Par ailleurs, il y a aussi la volonté de cacher les bâtiments des années 1970 et 1980 qui ont mal vieilli (faute d’entretien également) par de nouveaux qui arborent des matériaux plus contemporains, étant donné la collusion entre les promoteurs et les services de l’urbanisme. Les premiers sont à la recherche de terrains à bâtir et obtiennent un maximum de droits à construire (surface plancher, hauteur, emprise au sol) tandis que les seconds ferment les yeux sur le piétinement du règlement qu’ils sont censés faire appliquer et défendre au nom de l’intérêt général (Mouaziz-Bouchenouf, 2008).
Les conséquences sur la vie des habitants de la ZHUN Othmania, particulièrement touchée par cette forme de densification, se lisent facilement : les façades sud ne reçoivent plus le soleil à cause des immeubles écrans qui leur font face, le vis-à-vis rend leur quotidien pénible, au point où ils regrettent leurs « espaces rouges » qu’ils ont tellement dénigrés.
« Avant j’avais du soleil toute l’après-midi, le linge séchait bien, même le frach (linge de lit) je le lavais et il séchait dans l’après-midi. Parfois il nous arrivait d’éteindre le chauffage en hiver tellement le soleil nous réchauffait. Maintenant, je ne vois le soleil que quand je sors, les pièces sont sombres, on allume les lampes en plein jour. J’ai beaucoup rouspété contre la poussière des jardins alentour, que je le regrette maintenant. Mes enfants avaient où jouer même si les espaces étaient poussiéreux, je les surveillais de mon balcon, depuis qu’ils ont construit en face, je dois les emmener plus loin pour trouver où jouer »

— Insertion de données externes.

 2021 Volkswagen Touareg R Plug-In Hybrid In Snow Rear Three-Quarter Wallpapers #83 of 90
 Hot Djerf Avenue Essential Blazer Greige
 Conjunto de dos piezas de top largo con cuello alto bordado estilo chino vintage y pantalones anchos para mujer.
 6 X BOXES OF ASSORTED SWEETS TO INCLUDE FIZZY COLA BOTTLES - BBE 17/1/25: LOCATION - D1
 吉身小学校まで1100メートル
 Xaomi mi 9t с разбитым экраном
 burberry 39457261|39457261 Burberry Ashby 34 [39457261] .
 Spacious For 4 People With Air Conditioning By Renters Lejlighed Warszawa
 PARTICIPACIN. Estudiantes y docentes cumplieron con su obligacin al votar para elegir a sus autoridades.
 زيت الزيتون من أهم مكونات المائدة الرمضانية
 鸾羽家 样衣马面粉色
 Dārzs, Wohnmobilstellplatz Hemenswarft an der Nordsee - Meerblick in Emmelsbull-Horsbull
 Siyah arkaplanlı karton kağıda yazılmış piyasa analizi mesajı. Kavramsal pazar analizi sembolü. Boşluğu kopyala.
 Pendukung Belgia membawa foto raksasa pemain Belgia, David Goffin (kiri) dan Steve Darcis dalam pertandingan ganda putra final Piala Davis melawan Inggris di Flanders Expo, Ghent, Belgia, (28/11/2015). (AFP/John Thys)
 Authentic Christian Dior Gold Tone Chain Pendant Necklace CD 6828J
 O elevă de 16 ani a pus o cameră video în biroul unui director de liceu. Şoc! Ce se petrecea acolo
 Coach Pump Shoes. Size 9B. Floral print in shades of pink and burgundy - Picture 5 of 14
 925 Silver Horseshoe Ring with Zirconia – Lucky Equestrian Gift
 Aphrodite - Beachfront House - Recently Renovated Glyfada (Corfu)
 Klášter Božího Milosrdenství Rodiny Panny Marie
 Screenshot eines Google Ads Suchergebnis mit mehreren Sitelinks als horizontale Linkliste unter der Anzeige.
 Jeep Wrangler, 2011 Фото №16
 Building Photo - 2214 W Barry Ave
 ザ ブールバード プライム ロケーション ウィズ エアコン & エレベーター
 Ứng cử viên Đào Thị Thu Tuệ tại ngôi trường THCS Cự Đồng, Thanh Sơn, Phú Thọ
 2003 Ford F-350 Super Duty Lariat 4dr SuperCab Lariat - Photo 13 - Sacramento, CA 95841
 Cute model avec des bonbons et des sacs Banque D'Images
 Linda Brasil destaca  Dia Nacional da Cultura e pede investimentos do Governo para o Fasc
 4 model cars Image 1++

(entretien avec une habitante de la ZHUN Othmania, décembre 2019).
Les habitants ont un sentiment d’impuissance devant cette frénésie de la construction et se sont résignés à accepter ce nouveau voisinage très envahissant. Cette densification excessive n’a épargné aucun quartier de la ville d’Oran et ne laisse aucune marge de manœuvre aux habitants (Mouaziz-Bouchentouf, 2017).
Conclusion : la densification excessive est-elle inévitable ?
Mal conçus, abandonnés et difficilement appropriables, ces vides considérés comme les plaies des ZHUN ne peuvent-ils être valorisés que par la construction ? Il est vrai que, devant la disposition aléatoire des bâtiments sur un terrain comme des morceaux de sucre sur une nappe ou des dominos sur un tapis de jeu (Bonnet, 2013), on est tenté de « mettre de l’ordre ». Mais cela ne devrait pas se faire en faisant abstraction du vécu et de ceux qui sont déjà là. Les bâtiments, contrairement aux dominos ou aux morceaux de sucre, abritent des familles, des modes de vie, des habitudes et doivent offrir confort et qualité. Peut-on balayer tout cela au nom de l’efficacité économique et de l’esthétique urbaine ? Dans une sorte de « couvrez ces bâtiments que je ne saurais voir ». Cette « abondance foncière » a le mérite et le défaut d’être urbaine ; le mérite car elle permet une respiration de la ville, un potentiel à « verdir », et le défaut en aiguisant l’appétit des promoteurs immobiliers à la recherche de terrains bon marché. Une voie intermédiaire est possible, construire en préservant le cadre de vie, construire pour donner un sens aux espaces libres sans les étouffer. Et cela ne peut se faire sans les habitants des ZHUN.